From: Johannes Schindelin <Johannes.Schindelin@gmx.de>
To: Jeff Hostetler <git@jeffhostetler.com>
Cc: Slavica Djukic via GitGitGadget <gitgitgadget@gmail.com>,
git@vger.kernel.org, Junio C Hamano <gitster@pobox.com>,
Slavica Djukic <slawica92@hotmail.com>
Subject: Re: [PATCH 07/11] Add a function to determine unique prefixes for a list of strings
Date: Mon, 13 May 2019 14:48:18 +0200 (CEST) [thread overview]
Message-ID: <nycvar.QRO.7.76.6.1905131405210.44@tvgsbejvaqbjf.bet> (raw)
In-Reply-To: <1be9b470-6daa-a50e-ba3a-432520721b0f@jeffhostetler.com>
Hi Jeff,
On Thu, 18 Apr 2019, Jeff Hostetler wrote:
> On 4/10/2019 1:37 PM, Slavica Djukic via GitGitGadget wrote:
> > From: Slavica Djukic <slawica92@hotmail.com>
> >
> > In the `git add -i` command, we show unique prefixes of the commands and
> > files, to give an indication what prefix would select them.
> >
> > Naturally, the C implementation looks a lot different than the Perl
> > implementation: in Perl, a trie is much easier implemented, while we
> > already have a pretty neat hashmap implementation in C that we use for
> > the purpose of storing (not necessarily unique) prefixes.
> >
> > The idea: for each item that we add, we generate prefixes starting with
> > the first letter, then the first two letters, then three, etc, until we
> > find a prefix that is unique (or until the prefix length would be
> > longer than we want).
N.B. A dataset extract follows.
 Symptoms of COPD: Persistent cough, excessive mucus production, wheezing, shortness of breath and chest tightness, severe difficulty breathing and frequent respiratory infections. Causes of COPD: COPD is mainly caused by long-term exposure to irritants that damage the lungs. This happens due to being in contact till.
If we encounter a previously-unique prefix on the
> > way, we adjust that item's prefix to make it unique again (or we mark it
> > as having no unique prefix if we failed to find one). These partial
> > prefixes are stored in a hash map (for quick lookup times).
> >
> > To make sure that this function works as expected, we add a test using a
> > special-purpose test helper that was added for that purpose.
> >
> > Note: We expect the list of prefix items to be passed in as a list of
> > pointers rather than as regular list to avoid having to copy information
> > (the actual items will most likely contain more information than just
> > the name and the length of the unique prefix, but passing in `struct
> > prefix_item *` would not allow for that).
> >
> > Signed-off-by: Slavica Djukic <slawica92@hotmail.com>
> > Signed-off-by: Johannes Schindelin <johannes.schindelin@gmx.de>
> > ---
> > diff --git a/prefix-map.c b/prefix-map.c
> > new file mode 100644
> > index 0000000000..3c5ae4ae0a
> > --- /dev/null
> > +++ b/prefix-map.c
> > @@ -0,0 +1,111 @@
> > +#include "cache.h"
> > +#include "prefix-map.h"
> > +
> > +static int map_cmp(const void *unused_cmp_data,
> > + const void *entry,
> > + const void *entry_or_key,
> > + const void *unused_keydata)
> > +{
> > + const struct prefix_map_entry *a = entry;
> > + const struct prefix_map_entry *b = entry_or_key;
> > +
> > + return a->prefix_length != b->prefix_length ||
> > + strncmp(a->name, b->name, a->prefix_length);
> > +}
> > +
> > +static void add_prefix_entry(struct hashmap *map, const char *name,
> > + size_t prefix_length, struct prefix_item *item)
> > +{
> > + struct prefix_map_entry *result = xmalloc(sizeof(*result));
> > + result->name = name;
> > + result->prefix_length = prefix_length;
> > + result->item = item;
> > + hashmap_entry_init(result, memhash(name, prefix_length));
> > + hashmap_add(map, result);
> > +}
> > +
> > +static void init_prefix_map(struct prefix_map *prefix_map,
> > + int min_prefix_length, int max_prefix_length)
> > +{
> > + hashmap_init(&prefix_map->map, map_cmp, NULL, 0);
> > + prefix_map->min_length = min_prefix_length;
> > + prefix_map->max_length = max_prefix_length;
> > +}
> > +
> > +static void add_prefix_item(struct prefix_map *prefix_map,
> > + struct prefix_item *item)
> > +{
> > + struct prefix_map_entry *e = xmalloc(sizeof(*e)), *e2;
> > + int j;
> > +
> > + e->item = item;
> > + e->name = e->item->name;
> > +
> > + for (j = prefix_map->min_length; j <= prefix_map->max_length; j++) {
> > + if (!isascii(e->name[j])) {
>
> This feels odd, if I understand the intent.
>
> First, why "isascii()" rather than just non-zero?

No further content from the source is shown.